Cashmere and mohair are at the higher end of the price scale for yarns. However, there are certainly many expensive yarns and finished goods on the market that do not wear as well as a beautiful cashmere or mohair blanket. Consider the factors of drape, softness, warmth, and the beautiful sheen from these high end fibers. Making an heirloom quality gift should start with choosing the best yarn for blankets and other items.
Cleaning, Drying, and Storing Items Made From Cashmere and Mohair
If you don’t have a washing machine with a fine, no agitation setting, you should hand wash articles made from mohair and cashmere. Use a gentle detergent that is recommended for fine wool. I prefer Unicorn brand products for washing wool and mohair but there are others on the market. Dry cleaning solvents can be too harsh for these fabrics from cashmere or mohair.
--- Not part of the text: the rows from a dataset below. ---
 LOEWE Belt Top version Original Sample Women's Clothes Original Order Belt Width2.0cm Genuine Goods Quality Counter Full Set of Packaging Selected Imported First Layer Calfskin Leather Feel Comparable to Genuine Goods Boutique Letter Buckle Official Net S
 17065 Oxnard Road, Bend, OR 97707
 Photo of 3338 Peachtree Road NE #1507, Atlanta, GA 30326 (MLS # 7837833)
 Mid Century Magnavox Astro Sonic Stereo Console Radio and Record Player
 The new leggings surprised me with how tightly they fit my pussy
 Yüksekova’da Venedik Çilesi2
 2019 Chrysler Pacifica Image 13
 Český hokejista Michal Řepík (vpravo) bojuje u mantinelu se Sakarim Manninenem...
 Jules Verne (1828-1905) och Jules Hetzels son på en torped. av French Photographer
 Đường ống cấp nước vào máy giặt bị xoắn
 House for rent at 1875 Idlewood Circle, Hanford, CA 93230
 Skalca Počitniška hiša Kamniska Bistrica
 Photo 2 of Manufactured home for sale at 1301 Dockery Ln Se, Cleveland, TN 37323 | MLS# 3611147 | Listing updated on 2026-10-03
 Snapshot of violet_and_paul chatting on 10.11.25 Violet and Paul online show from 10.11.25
Drying any mohair or cashmere item should always be done by laying the item flat and air drying. Make sure the area is not in direct sunlight. Line drying will pull the garment or blanket out of shape. Always lay flat on a towel to dry.
The best way to store quality mohair or cashmere items is in a clean pillow case! Protein fibers such as wool, mohair, and cashmere need to breathe. Storing in plastic bags is not a good choice. Always store your fine handmade products after cleaning so they don’t attract insects. With proper care, your handmade heirlooms will last a long time.
Other Items to Knit or Crochet from Mohair or Cashmere
Even though cashmere and mohair may be the best yarn for blankets, it’s a great type of yarn for other items. Hats, gloves, shawls, scarves, and mittens from mohair yarns make great gifts. Make a quick pair of soft wrist warmers or fingerless gloves with the leftover yarn from a blanket project.